Thank you for your interest in SPAdes.

You can correct the paths to reads in the input_dataset.yaml file. However, this is the scenario we are intentionally do not want to support as there are many issues that might arise from incompatible paths, wrong file order, version mismatch, etc. We simply do not have bandwidth for implementing additional consistency checks, which are plenty.

StevenJRobbins commented 3 years ago

Thank you, Anton. I appreciate this little hack. Just to be clear though, if I run metaspades this way, will the metaspades assembly pipeline finish correctly? For example, I suspect if it's stored the full path to the reads it may also have stored the full path to the output directories. So will it still try to write output files to the directory structure from the previous server or will it be smart enough to find the correct new path?

asl commented 3 years ago

And... you've correctly outlined the next issue. If paths are different, then you're out of luck. You'd need to edit more configuration files to ensure that all intermediate results are still there, the output dir as well as scratch dirs are correct.

StevenJRobbins commented 3 years ago

Thanks again, Anton.
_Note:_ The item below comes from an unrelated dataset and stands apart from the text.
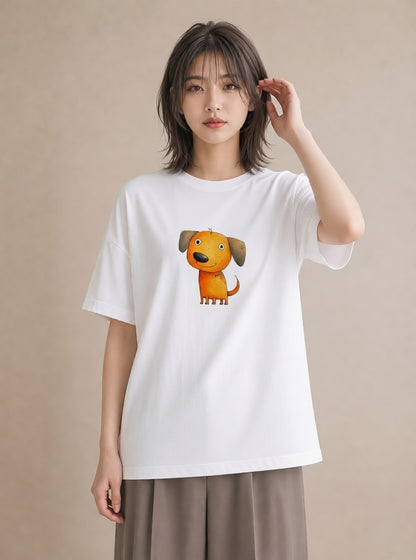 Tシャツ レディース わんちゃん 犬 いぬ イラスト ガーリー 親子 20代 白T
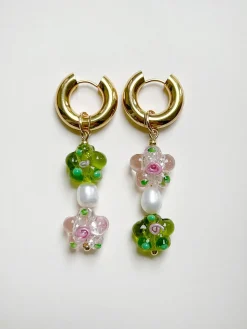 Glass Flower Asymmetric Chunky Hoops - Pink/Apple Green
For anyone reading in the future, I successfully got metaspades to run on the new server by running a find replace on all files in all subdirectories as follows:

sed -i "s|old_path_to_metaspades_output_dir|new_path_to_metaspades_output_dir|g" sed -i "s|old_path_to_metaspades_output_dir|new_path_to_metaspades_output_dir|g" / sed -i "s|old_path_to_metaspades_output_dir|new_path_to_metaspades_output_dir|g" //

asl commented 3 years ago

This may or may not work depending where the scratch dir is :)

StevenJRobbins commented 3 years ago

Thanks Anton. It worked in my test and successfully output the necessary files so looks like a hack solution, at least in my case.